You might be tempted to dismiss this as a paperback romance novel (though it’s far more chaste than many of them are nowadays) put straight on the screen, but if you know your literary history, the book from Thomas Hardy (very much in the Jane Austen vein) was preoccupied with the concerns of the day – class and wealth.

As such, the idea of a woman not only taking care of herself financially but doing it successfully by running a business (in this case, a farm) was pushing the envelope of social norms at the time much like gay marriage still does today.

But while ”The Hunt” director Thomas Vinterberg captures the moods, dress and social discourse of the time well, Far From the Madding Crowd will struggle to hold the interest of most audiences – even women, despite being ostensibly a chick flick.

Essentially it’s the story of the aforementioned independent young woman, Bathsheba (Carey Mulligan) and the attempts by three men to win her hand and deliver her into the fold of ‘normal’ society.
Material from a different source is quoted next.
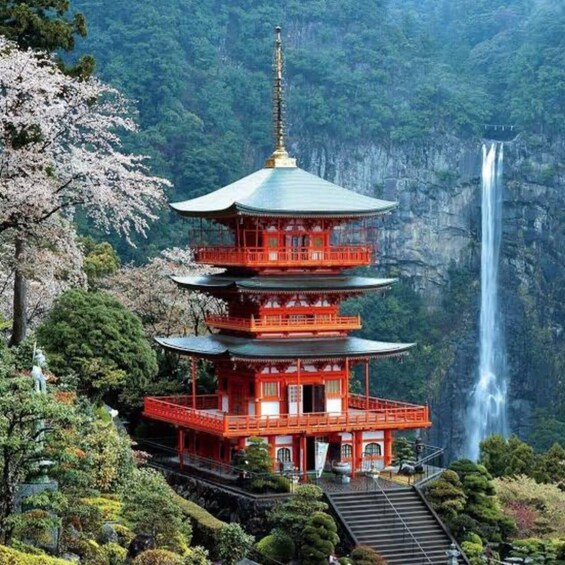 A multi-tiered pagoda with a waterfall in the background. 3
One is the farm hand she employs after they used to be neighbours, Gabriel (Matthias Schoenaerts). The other is very rich and much older landowner next door, Boldwood (Michael Sheen) and the third is flashy, preening soldier Troy (Tom Sturridge), who’s dashing pursuit of Bathsheba sweeps her off her feet even though he still holds a candle for his former lover Fanny (Juno Temple).

Bathsheba fends off the weather, indifference around her and inexperience within herself to keep her farm together while growing closer to all three men, and it’s all done with primness, petticoats and social repression.

If you’re male and consider yourself in the least worldly and intelligent you’ll want to like it just so it doesn’t make it seem like you only have the capacity to enjoy war and action movies with exploding heads and showers of blood, but it’s too much a product of its time, and a tame and emotionally retarded time it was.